- **WHAT TO DO**
From first line to last, copy the listing exactly and omit its pictures.

--- AVAILABLE DATA ---

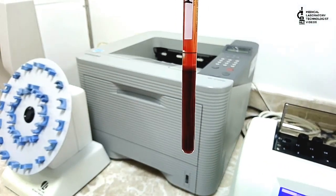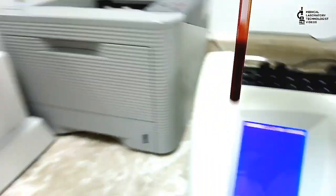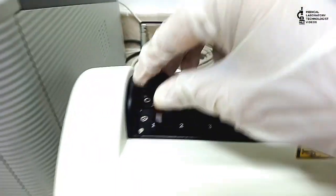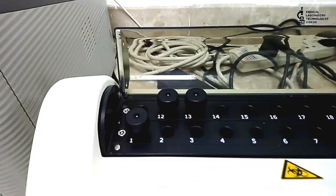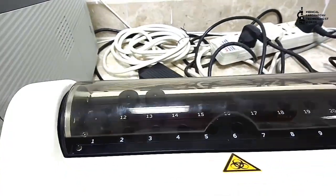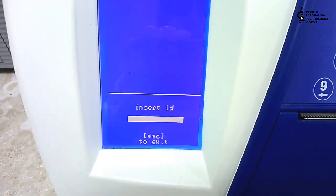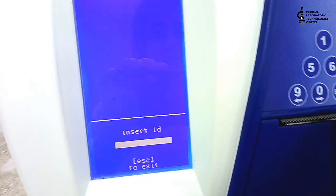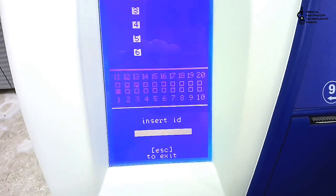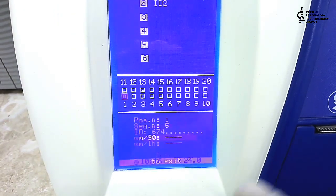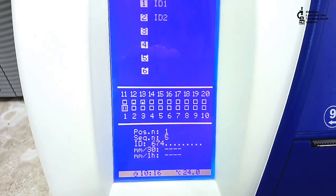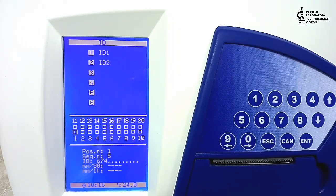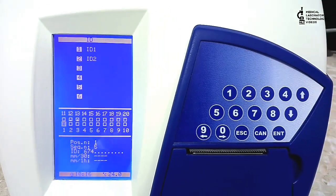Now I will keep it in any position, position 1 I keep. On the main screen we can see that position 1 is showing the sample ID. That sample is inside and we have to wait for 30 minutes.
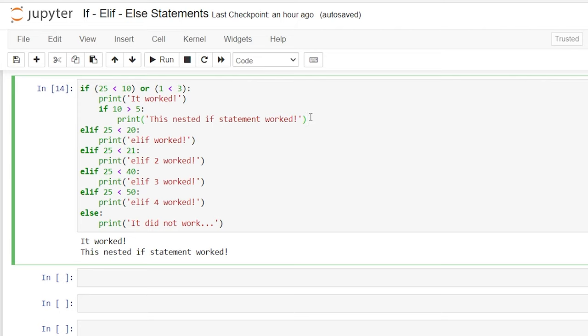I hope that this was helpful. I hope that you understand the if/else statement better, and I hope that you understand how nested if statements work as well. Thank you guys so much for watching. If you like this video, be sure to like and subscribe below, and I'll see you in the next video.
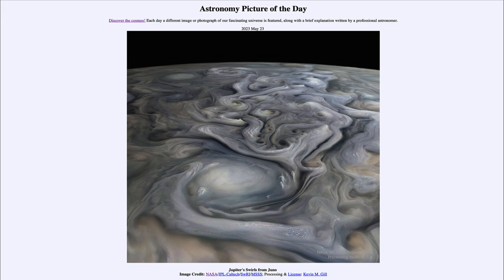A spacecraft orbiting Jupiter will move quickly when it comes in very close, and very slowly when it's further away. We have the same kind of thing with comets in our solar system — they have highly elliptical orbits and will zip in close to the sun, spending a relatively small portion of their orbit very close to the sun, and spending most of it in the vast reaches of the outer solar system.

---

- **SOLUTION TO THIS PROBLEM**
Now I will keep it in any position, position 1 I keep. On the main screen we can see that position 1 is showing the sample ID. That sample is inside and we have to wait for 30 minutes.
I hope that this was helpful. I hope that you understand the if/else statement better, and I hope that you understand how nested if statements work as well. Thank you guys so much for watching. If you like this video, be sure to like and subscribe below, and I'll see you in the next video.
A spacecraft orbiting Jupiter will move quickly when it comes in very close, and very slowly when it's further away. We have the same kind of thing with comets in our solar system — they have highly elliptical orbits and will zip in close to the sun, spending a relatively small portion of their orbit very close to the sun, and spending most of it in the vast reaches of the outer solar system.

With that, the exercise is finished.